No picture belongs in the copy. Repeat each line below exactly.

Short web captions:
-.-.-

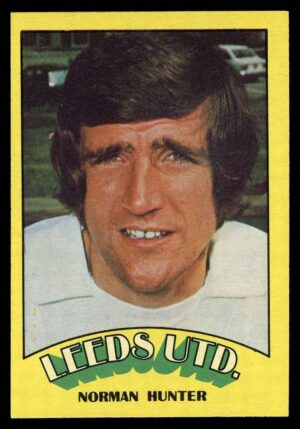 A&BC - 'Footballers (1974/75)' (1973) - Norman Hunter (Leeds United)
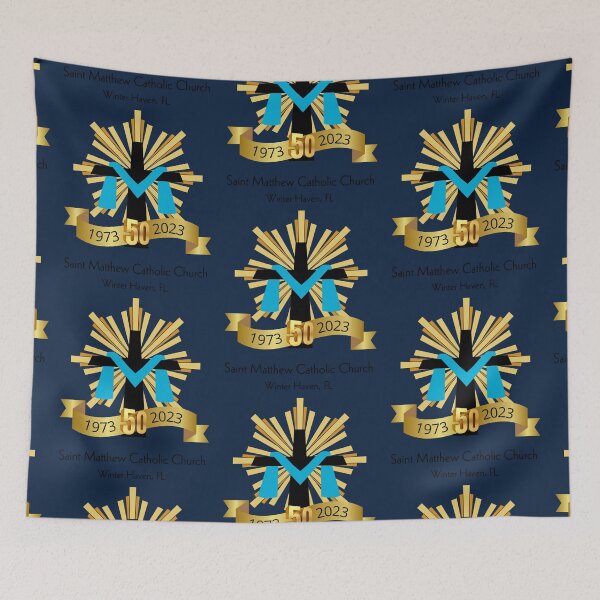 Item preview, SMCC 50th Anniversary Logo with City & State designed and sold by SaintMCC.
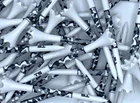 New 3 1/4" TRUESTRIKE USA Grayscale Camo 3.25 Premium Black Gray White Golf Tees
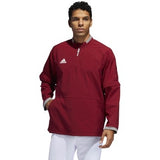 adidas Fielder's Choice 2.0 Convertible Cage Long Sleeve Jacket- Men's Baseball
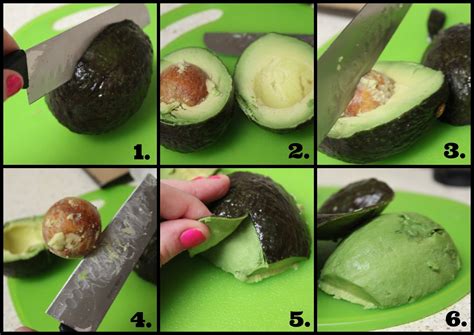 mary kate actually: How to Cut an Avocado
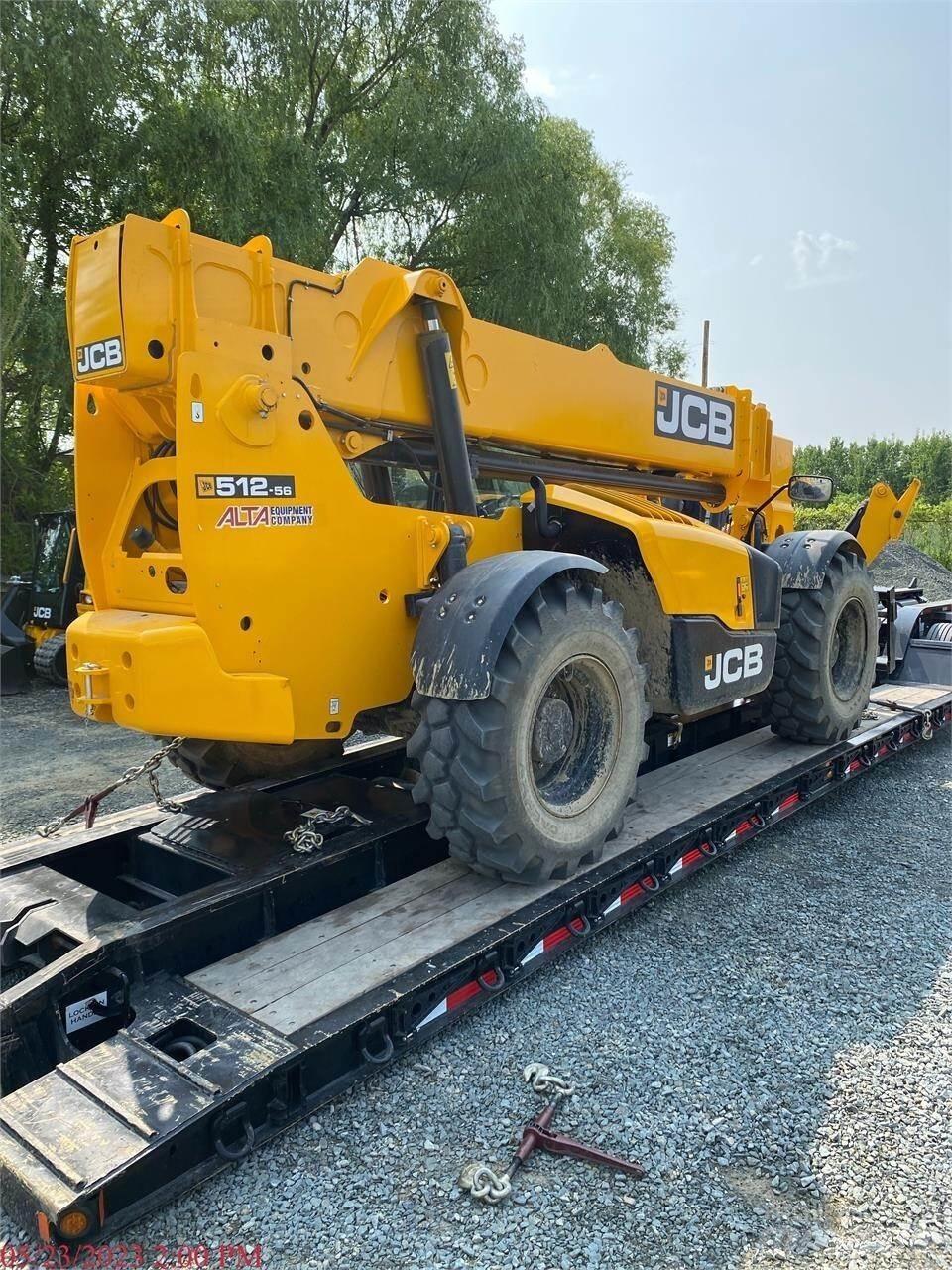 JCB 512-56 伸缩臂叉装车|叉装车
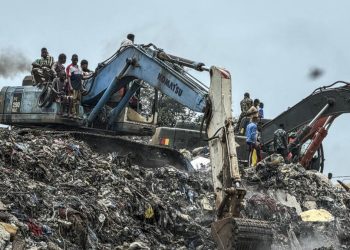 Guinée: un éboulement fait au moins 31 morts dans une décharge à Conakry image principale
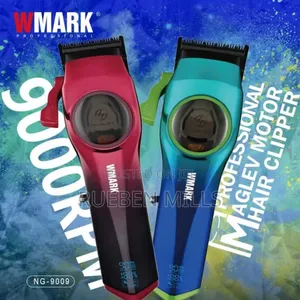 Wmark Ng-9009 Ultra Premium Magnetic Maglev Motor Barbering Machine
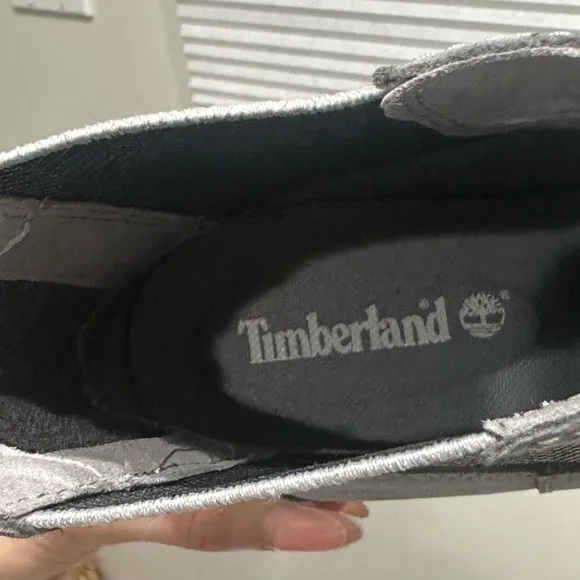 Timberland Women's Gray Chelsea Boots size 9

-.-.-

▶ Completed exercise
 A&BC - 'Footballers (1974/75)' (1973) - Norman Hunter (Leeds United)
 Item preview, SMCC 50th Anniversary Logo with City & State designed and sold by SaintMCC.
 New 3 1/4" TRUESTRIKE USA Grayscale Camo 3.25 Premium Black Gray White Golf Tees
 adidas Fielder's Choice 2.0 Convertible Cage Long Sleeve Jacket- Men's Baseball
 mary kate actually: How to Cut an Avocado
 JCB 512-56 伸缩臂叉装车|叉装车
 Guinée: un éboulement fait au moins 31 morts dans une décharge à Conakry image principale
 Wmark Ng-9009 Ultra Premium Magnetic Maglev Motor Barbering Machine
 Timberland Women's Gray Chelsea Boots size 9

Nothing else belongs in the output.